Jordan, the pastor, hopes that by reminding young people of this local history in Fayette, they’ll see themselves as part of an ongoing struggle for political equality. He is working with the Fayette-Somerville NAACP and other faith leaders to collect photographs and oral histories to document local memories of the civil rights era, and he plans to organize a festival next year to honor the legacy of Tent City.

A sign commemorating Tent City is a rare present-day reminder of the history of Fayette County, according to Pastor Jordan, who said, “Most of the young folks in our county pass by it and don’t know what it.” (photo courtesy of Jordan)

“We have to continue to tell those stories,” Jordan said. “If those stories don’t get passed down before those seasoned members of the community are gone, that information is going to be lost.” He added, “Now, all there is, is a land marker. Most of the young folks in our county pass by it and don’t know what it is.”

Jordan and other Black residents in Fayette County also hope to get their communities engaged in local politics to take advantage of the fair maps while they exist.

He warns that local candidates will still have to overcome the widespread sentiment that elections don’t matter. It’s a belief that has been reinforced by decades of discrimination and voter suppression, he said, telling Bolts and MLK50, “It discourages people from voting because they don’t feel like their voice is heard. They don’t feel like their vote counts.”

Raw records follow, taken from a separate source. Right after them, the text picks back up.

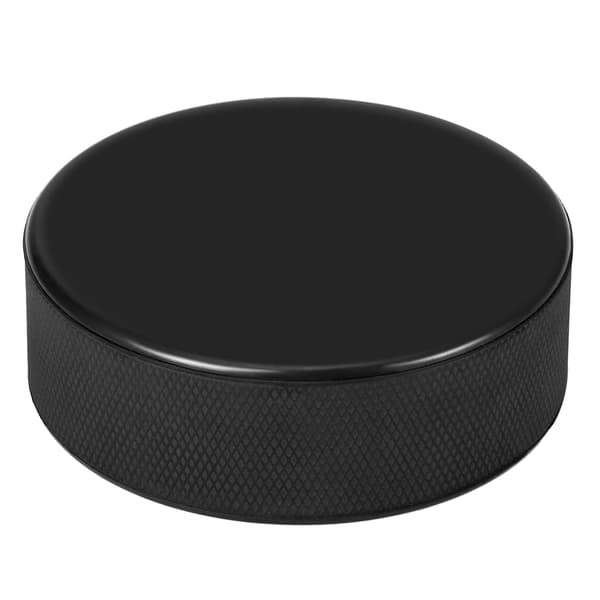 2-pack ishockeypuckar - vulkaniserat gummi, 3\" diameter, 163g - precisa skott och passningar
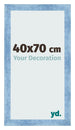 Bilderrahmen 40x70cm Hellblau Gewischt MDF Pisa Vorne Messe | Yourdecoration.at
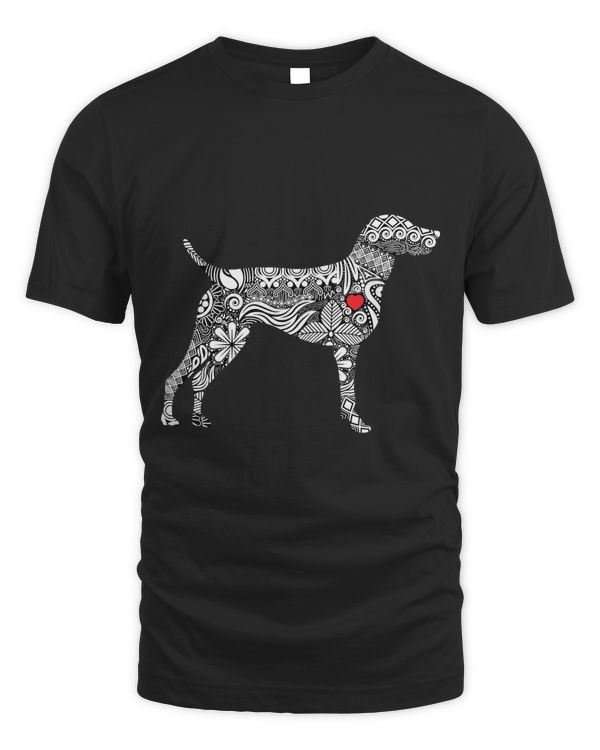 German Shorthair Pointer I GSP Dog Mom I Love Heart Pullover Hoodie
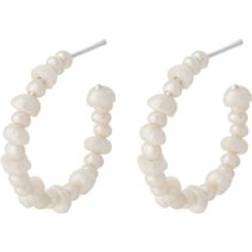 Pernille Corydon Liberty Hoops - Silver/Pearls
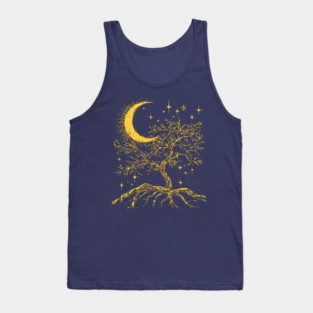 Celestial Tree of Life – Cosmic Roots and Branches of Eternity Tank Top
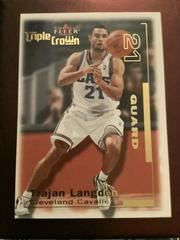Trajan Langdon #67 Basketball Cards 2000 Fleer Triple Crown Prices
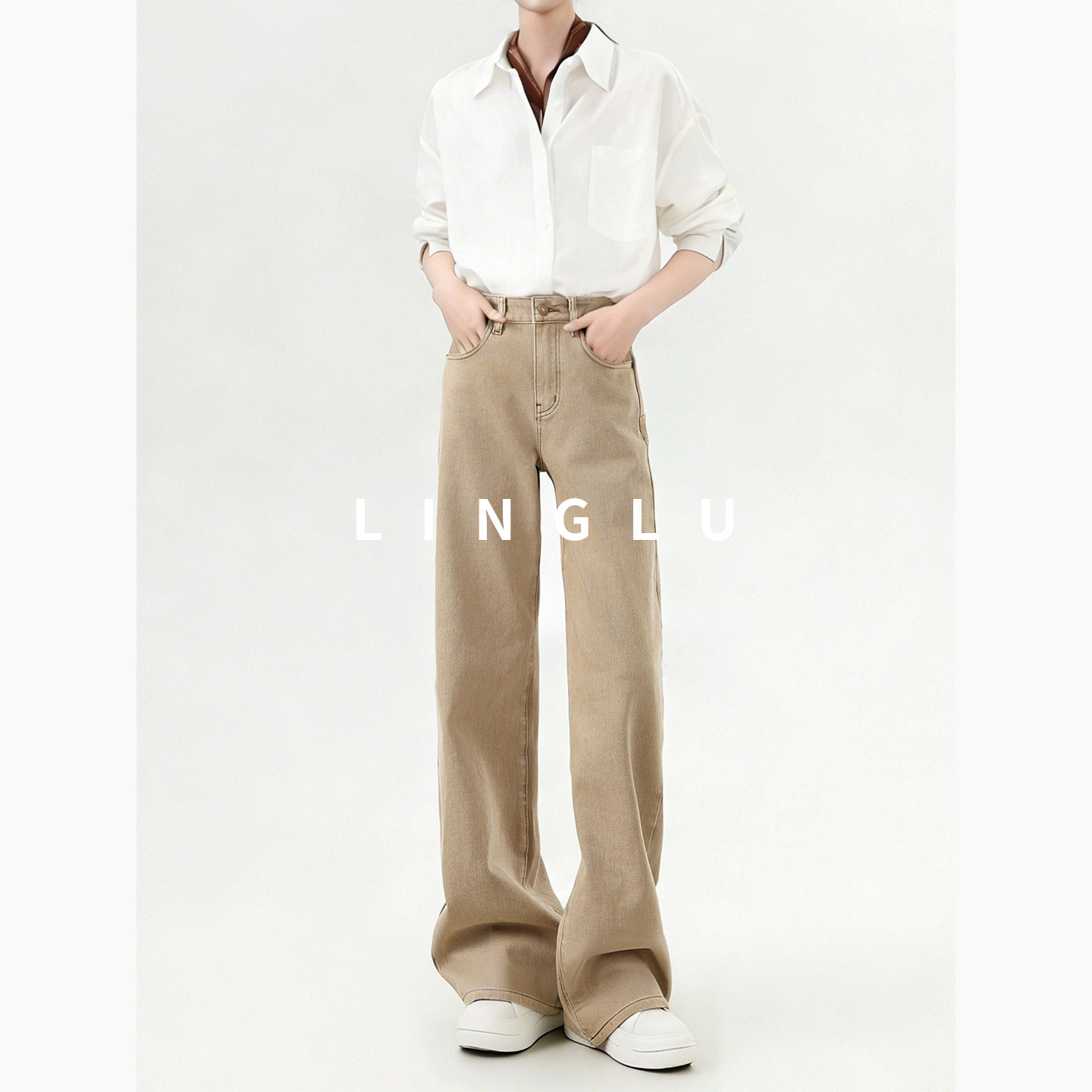 【生图长腿】窄版直筒牛仔裤子女春款2026新款通勤显瘦弹力烟管裤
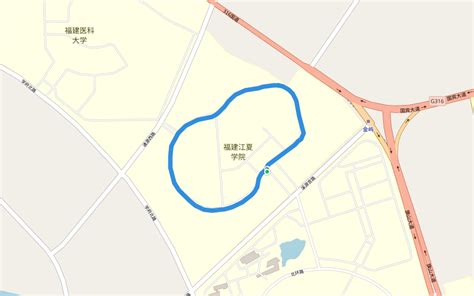 Fujian Jiangxia College Walking And Running Trail Minhou County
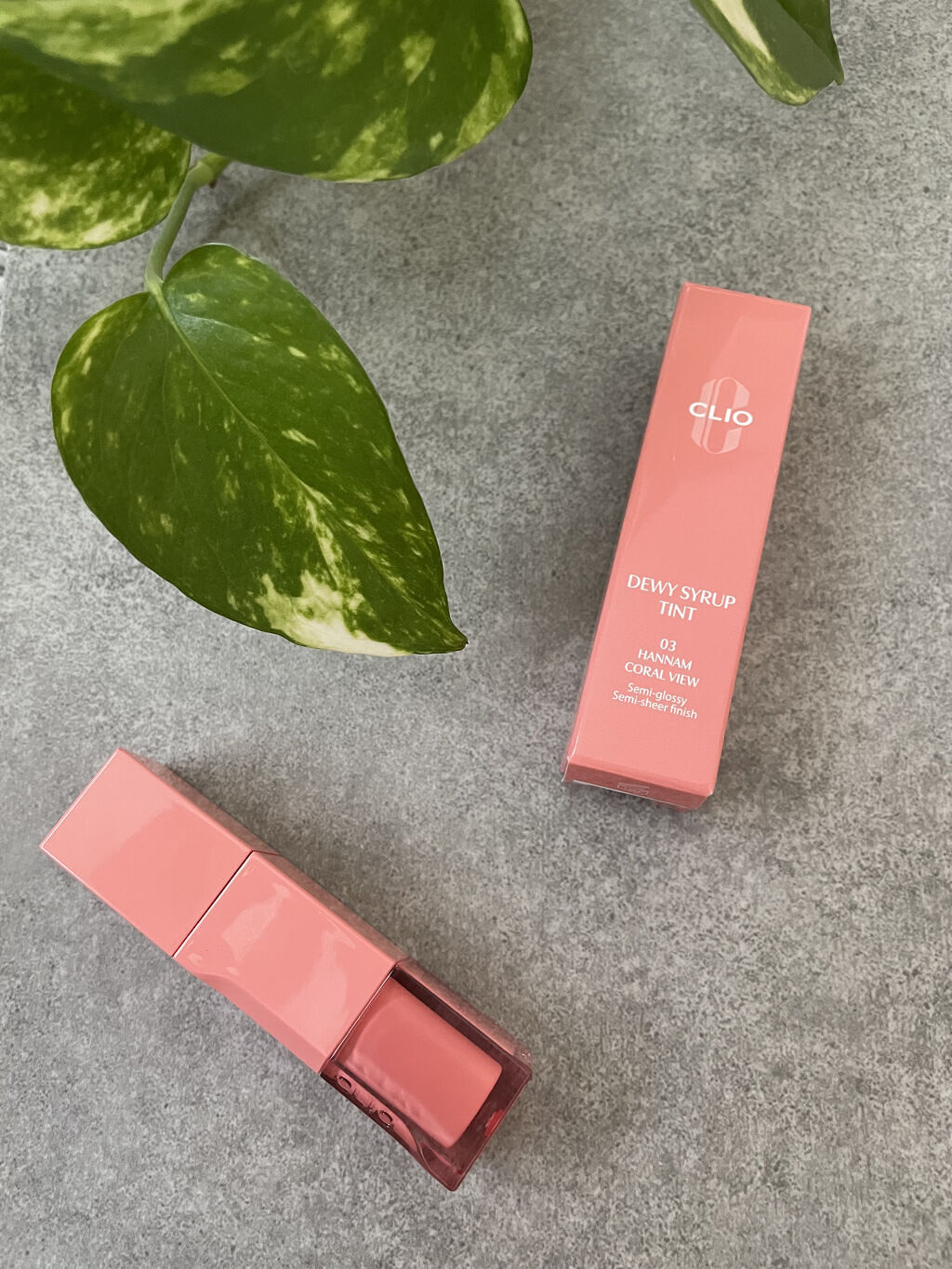 デューイ シロップ ティント 03 HANNAM CORAL VIEW/CLIO/口紅を使ったクチコミ（1枚目）
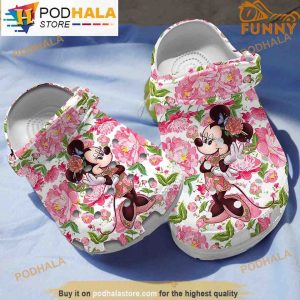 Disney Minnie Mouse Floral Crocband 3D Crocs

The Bernard Community Center, in the very north of Fayette County, was drawn in District 2 of Fayette County’s old map, a district whose population was only a third Black. The facility was bought by the county in 2001 using a federal Enterprise Zone grant aimed at revitalizing rural communities, but the programs and activities hosted there since it opened in 2004 were generally self-funded by the community center’s board, said Woods. In 2023, when county officials decided to close the community center, citing financial irregularities; this sparked protests from community members who denounced the decision as “reminiscent of Jim Crow.”

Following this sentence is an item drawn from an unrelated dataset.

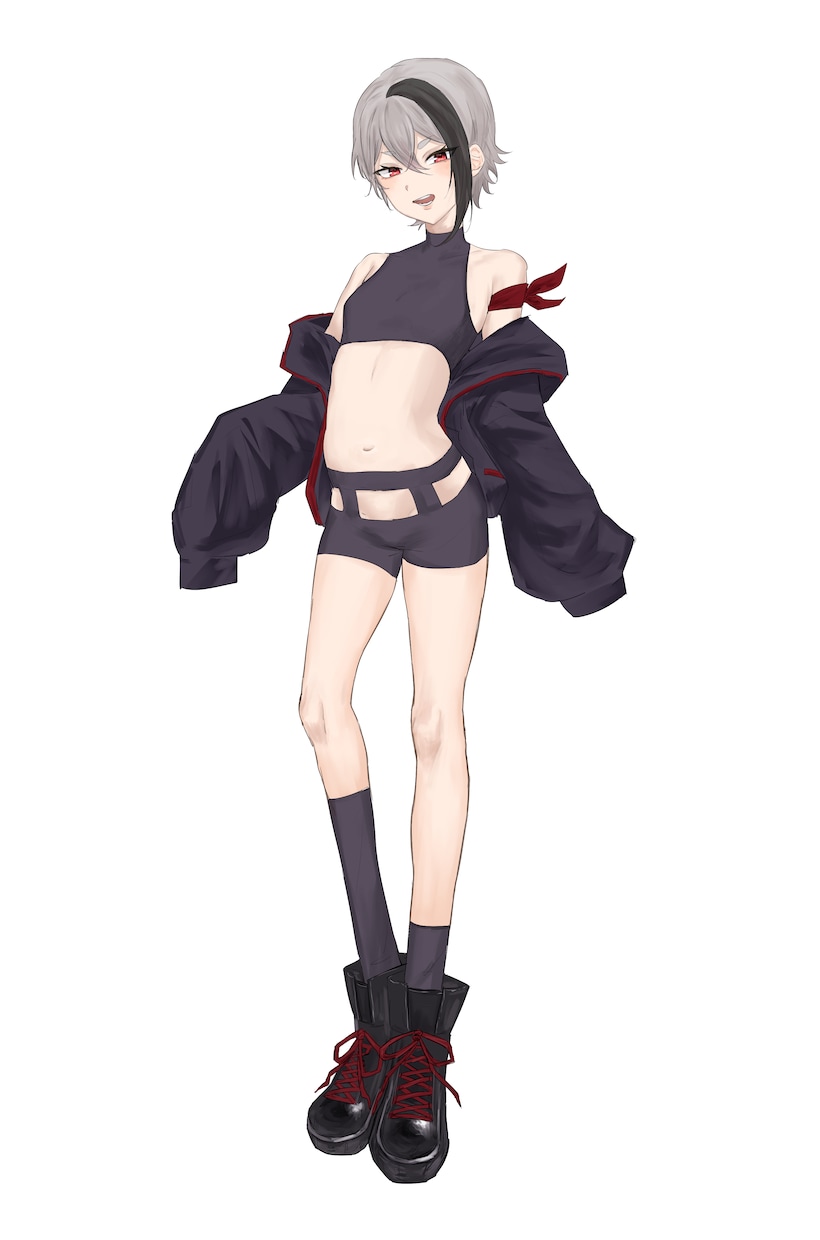 VTuberパーツ分けイラスト描きます キャラデザからパーツ分け、キービジュアルまでお任せ下さい。 イメージ2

Van Turner, a former county commissioner in neighboring Shelby County, speaks at the August rally that demanded the center be reopened, as well as equitable economic development in the region. (Photo courtesy of Rebekah Gorbea/Tennessee for All)

At an August rally in favor of the center, locals were joined by Van Turner, a Black civil rights attorney and former president of the Memphis NAACP who had served as county commissioner in neighboring Shelby County. But Wood says defenders of the community center found no commissioner within their own county willing to champion it.

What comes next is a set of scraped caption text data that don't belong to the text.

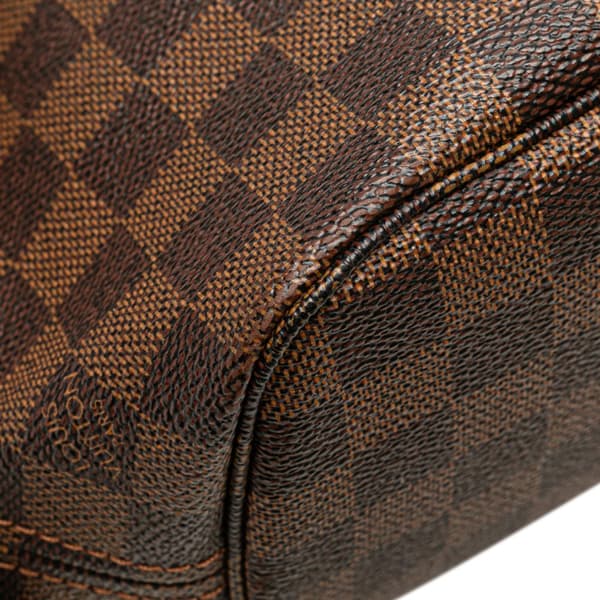 Pre-owned Louis Vuitton Damier Ebene Neverfull PM Brown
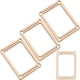 thumbnail image 2 of Portable Beige Wood Mini Weaving Loom for DecorCrafting with Durable Smooth Design 4Pcs, 2 of 4
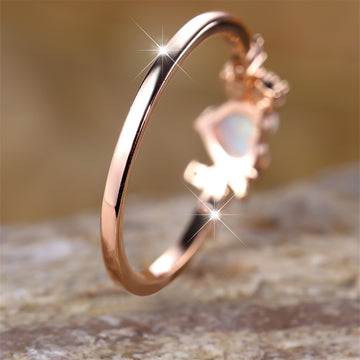 New Love Moon Three Claw Simple Ring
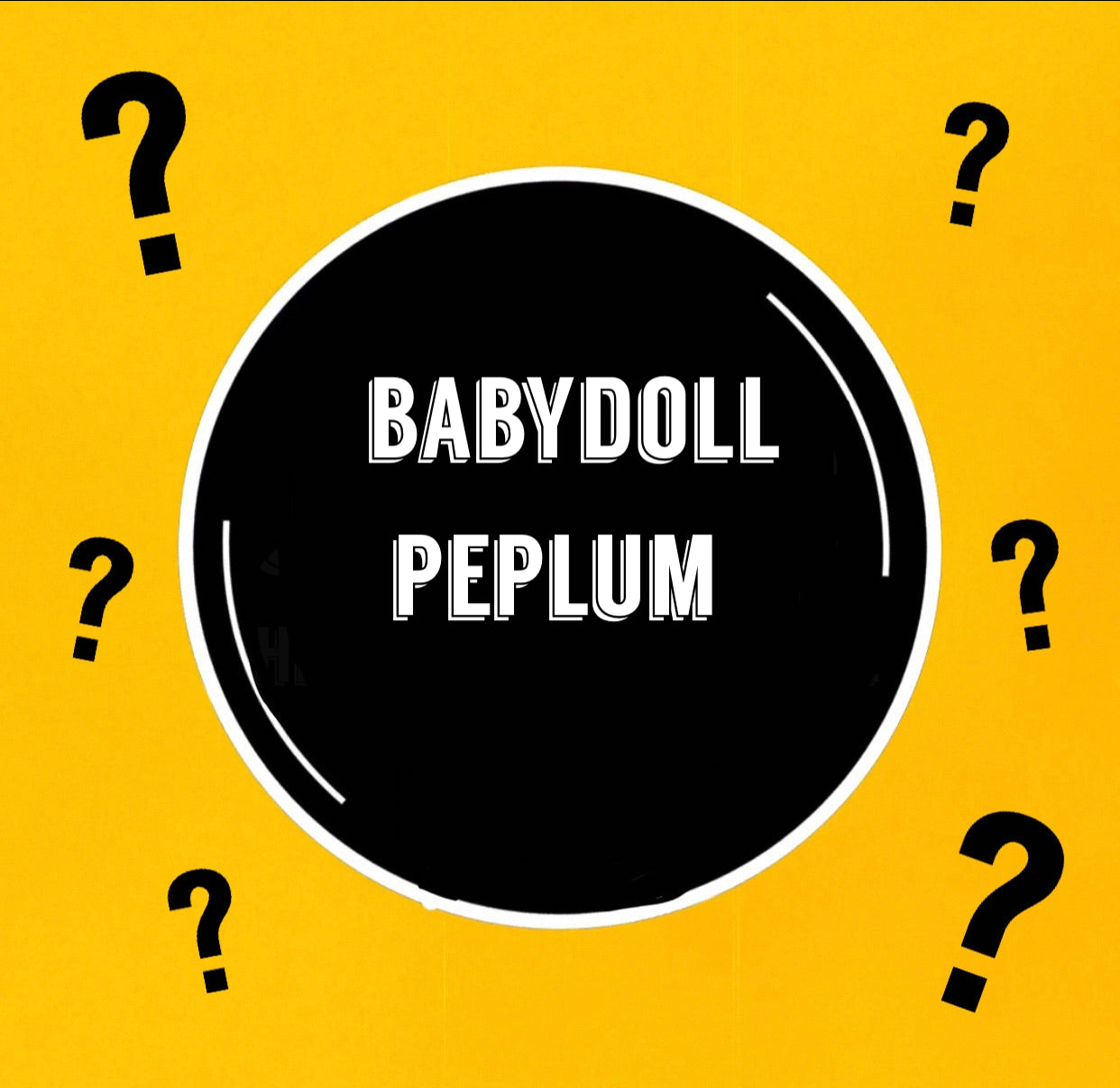 MYSTERY | Baby Doll Peplum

The commissioners who currently represent District 2, Ray Seals and Tommy Perkins, did not answer requests for comment. Under the county’s revised map for the 2026 election, the center will fall within a new district, where more than 60 percent of residents are Black. 

As opportunities come into the area, like the billions going into the nearby development of a new Ford BlueOval City plant, community advocates are demanding that the benefits be shared equitably, and Woods hopes local leaders will emerge who see her community as worthy of sharing those benefits. She says that the new majority-Black districts won’t drastically change the county board’s agenda, but that they could force the board to listen to perspectives that are currently absent and to at least take the issues facing her community seriously. 

​​”They were elected to serve the people,” Woods said. “But maybe in their mind, the people they were elected to serve—maybe the people they think of don’t look like me.”